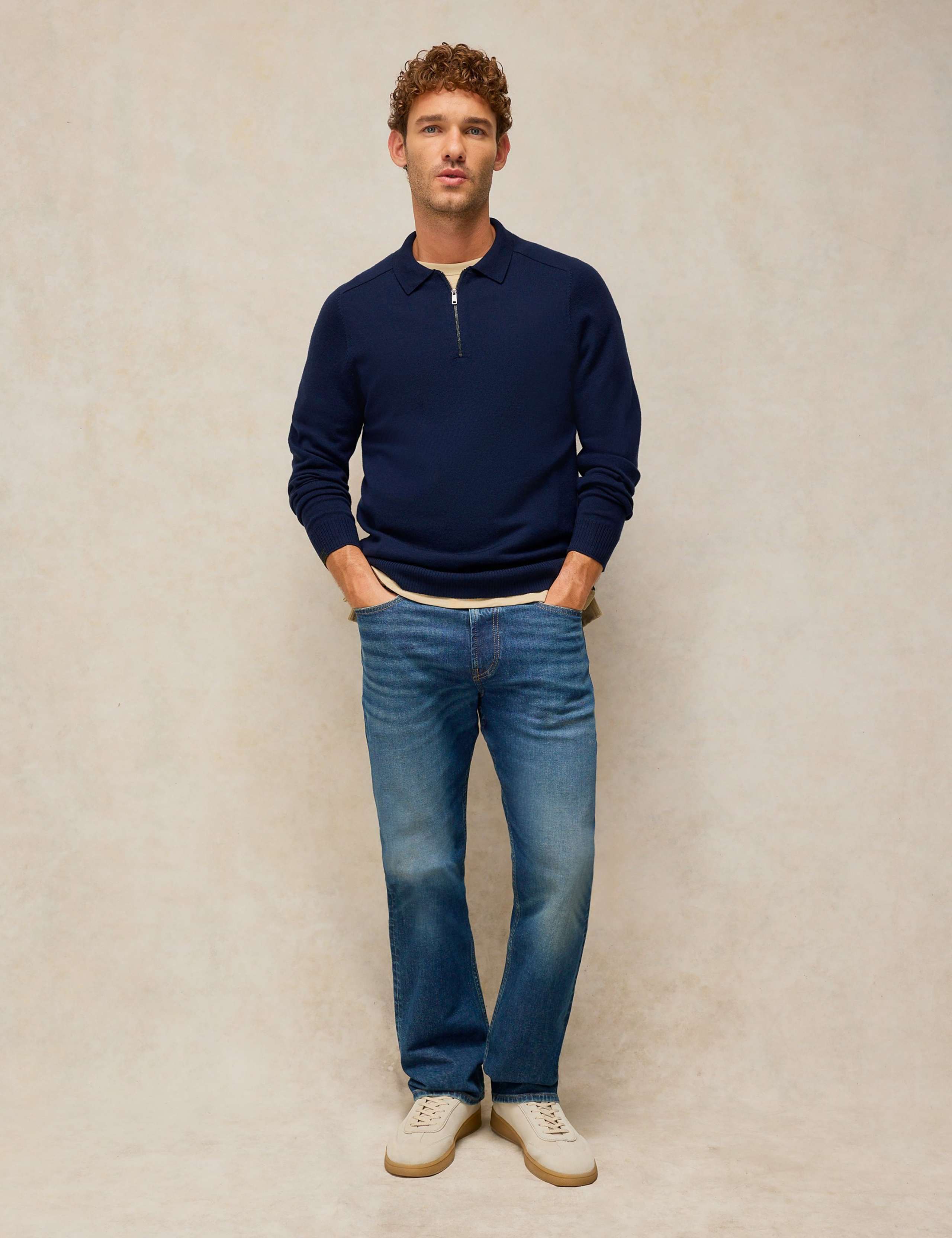 Pure Wool Half Zip Long Sleeve Polo Shirt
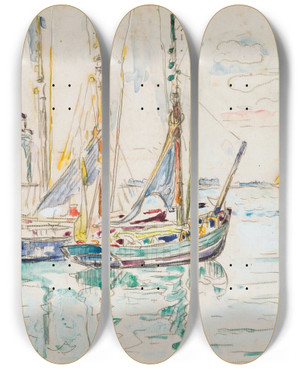 Triptych art skateboard deck of Paul Signac Groix by Paul Signac (1863-1935)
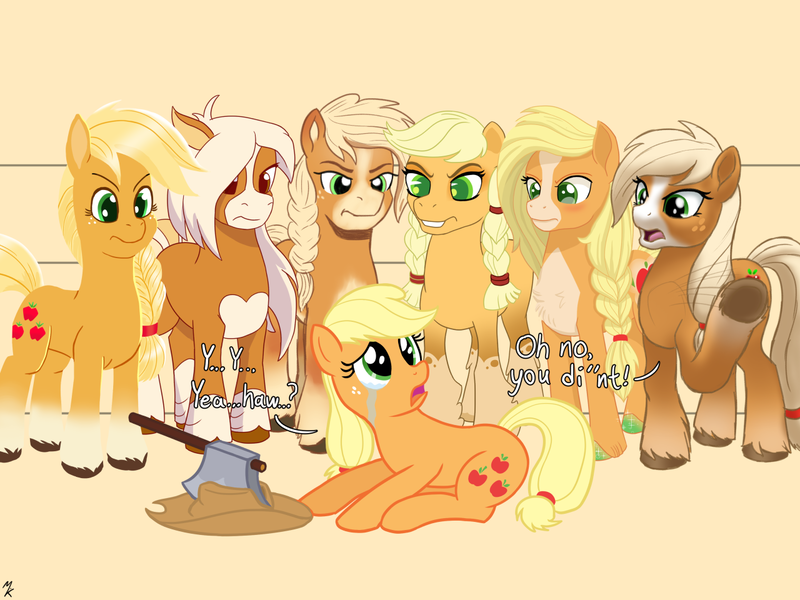 Size: 1280x960 | Tagged: safe, artist:mkogwheel, derpibooru import, applejack, earth pony, pony, leak, spoiler:g5, 12/16/17, applejack (g5), applejack's hat's death, axe, braid, bucktooth, chest fluff, crying, drama, floppy ears, frown, g5, g5 applejack drama, g5 drama, glare, gritted teeth, multeity, open mouth, prone, self ponidox, simple background, style emulation, underhoof, unshorn fetlocks, waving, weapon, yeehaw, yellow background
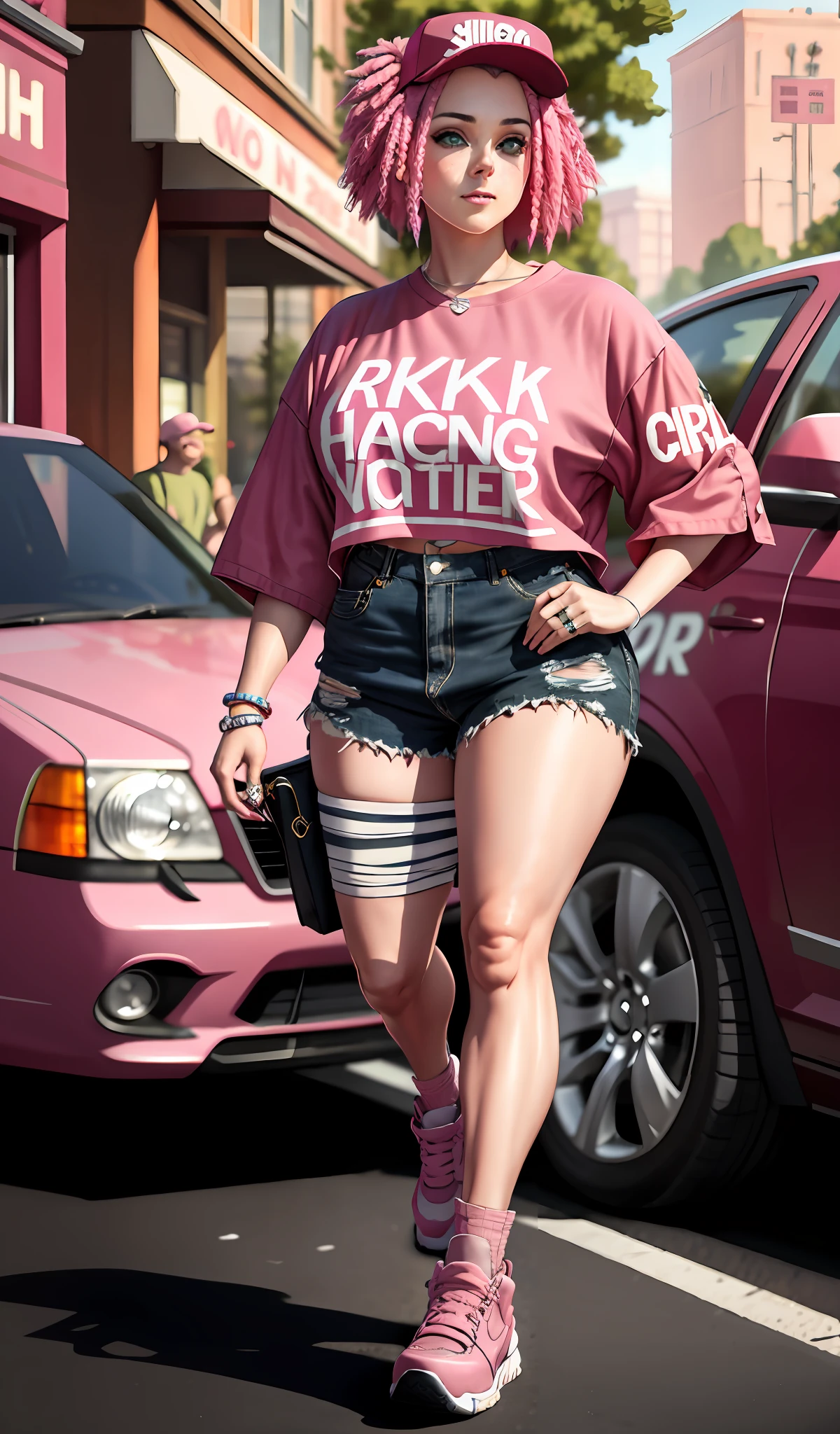 4k, realistic, very detailed, a girl walks, she is dressed in casual clothes, rock theme, oversized clothes, short pink hair, green eyes, 25 years old, chubby, full body, wearing Air Jordan shoes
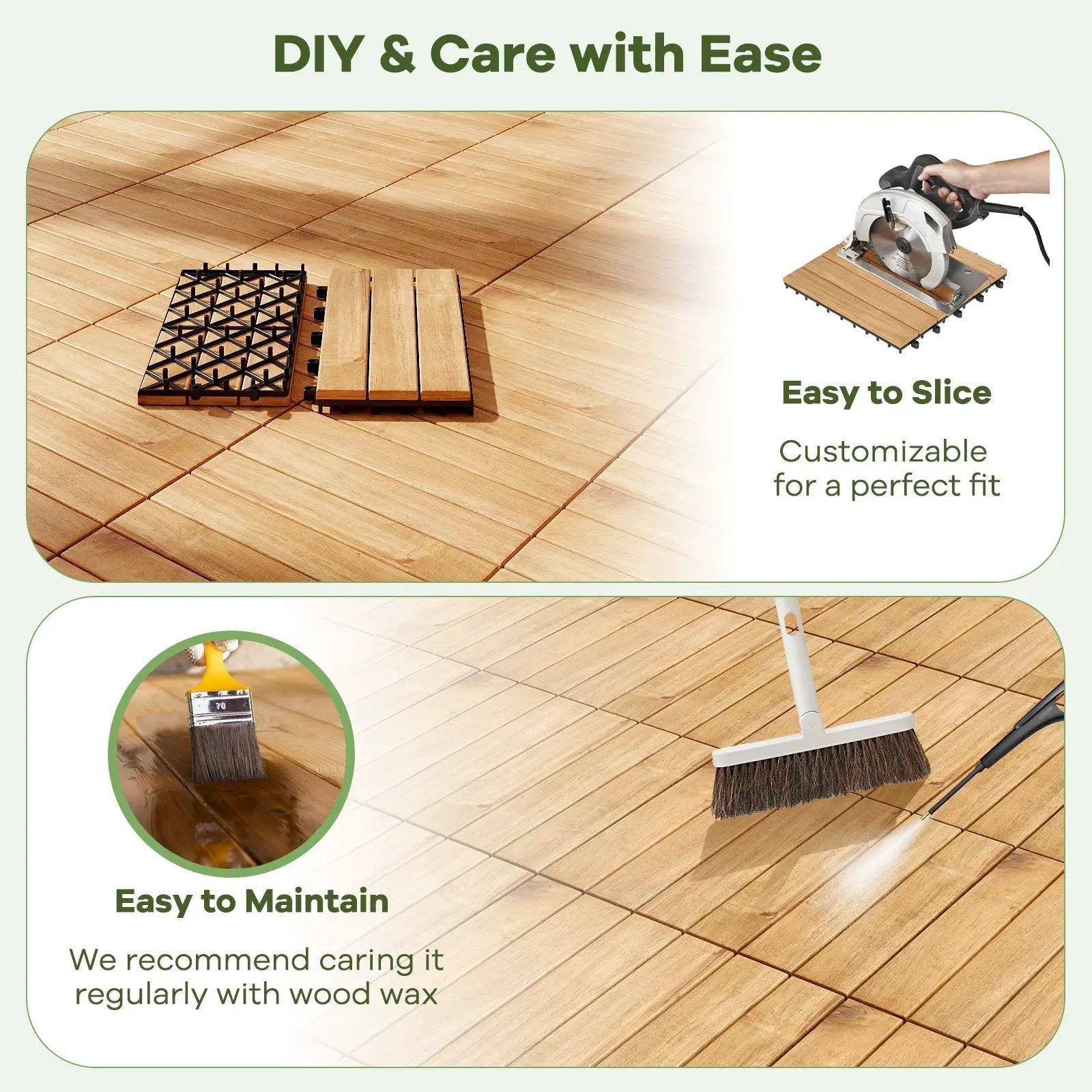 30 PCS Interlocking Deck Tiles 12 x 12 Inch Acacia Wood Patio Tiles with Straight Slats-Natural by DirectDeals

» Work to be completed
Write out the data precisely as given, excluding the pictures.

» Result
 Pure Wool Half Zip Long Sleeve Polo Shirt
 Triptych art skateboard deck of Paul Signac Groix by Paul Signac (1863-1935)
 Size: 1280x960 | Tagged: safe, artist:mkogwheel, derpibooru import, applejack, earth pony, pony, leak, spoiler:g5, 12/16/17, applejack (g5), applejack's hat's death, axe, braid, bucktooth, chest fluff, crying, drama, floppy ears, frown, g5, g5 applejack drama, g5 drama, glare, gritted teeth, multeity, open mouth, prone, self ponidox, simple background, style emulation, underhoof, unshorn fetlocks, waving, weapon, yeehaw, yellow background
 4k, realistic, very detailed, a girl walks, she is dressed in casual clothes, rock theme, oversized clothes, short pink hair, green eyes, 25 years old, chubby, full body, wearing Air Jordan shoes
 30 PCS Interlocking Deck Tiles 12 x 12 Inch Acacia Wood Patio Tiles with Straight Slats-Natural by DirectDeals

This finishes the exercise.